It remains to be seen whether his judge will allow consideration of the complex public trust lease issue. That issue should have taken every single UD case out of the fast-track “right to immediate possession” framework. The unlawful detainer statute is intended to give fast possession so that a landlord can re-lease or use property they own as they see fit. However, here the outer harbor is not fee simple land of the harbor, nor is it to be used for any purpose, including private boat slips.

It is to be used as a commercial harbor and marina, and was enacted specifically to preserve Pete’s Harbor for Pete Uccelli as it was then operated, which included live aboards and individuals working on boats to fix them up in their slips.
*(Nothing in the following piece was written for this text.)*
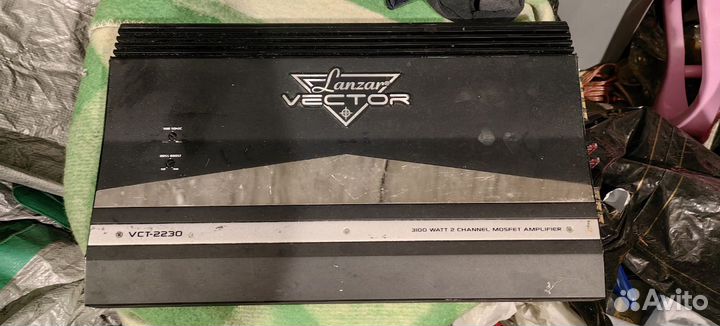 Усилитель автомобильный Lanzar Vector VCT-2230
These are both residential and commercial uses, and were intended to be protected by the 1983 Act, giving Pete the conditional leases.

In addition, the City Council of Redwood City reversed the Planning Commission’s approval of the permit based in large part on the State Lands input, the City Manager has been exploring traffic flow and parking requirements for a public and commercial marina, and the State Lands Commission will hold hearings in June respecting the outer harbor. All of this will determine whether a commercial marina, and potentially liveaboards, will remain at the site. So why the hurry to evict people with old non-working boats, who were promised time to work on boats, and who have compelling hardship cases like the Stones?

The City’s General Plan calls for keeping the condos and the liveaboards and the SLC hastime and again stated its intention to require a commercial public marina. The developer has withdrawn its privatization attempt. Yet Mr. and Mrs. Stone are being evicted, at risk of having to pay $30,000 of attorneys’ fees to the harbor’s lawyers, and they have nowhere to go. They have lived on their boat for 20 years, and have nowhere to haul it out, put it “on the hard” as they say for storage, and pay double rent for their boat and a land-based dwelling at the same time.

We appreciate and need the continued support of the public. Almost everyone I speak to wants to keep the boaters.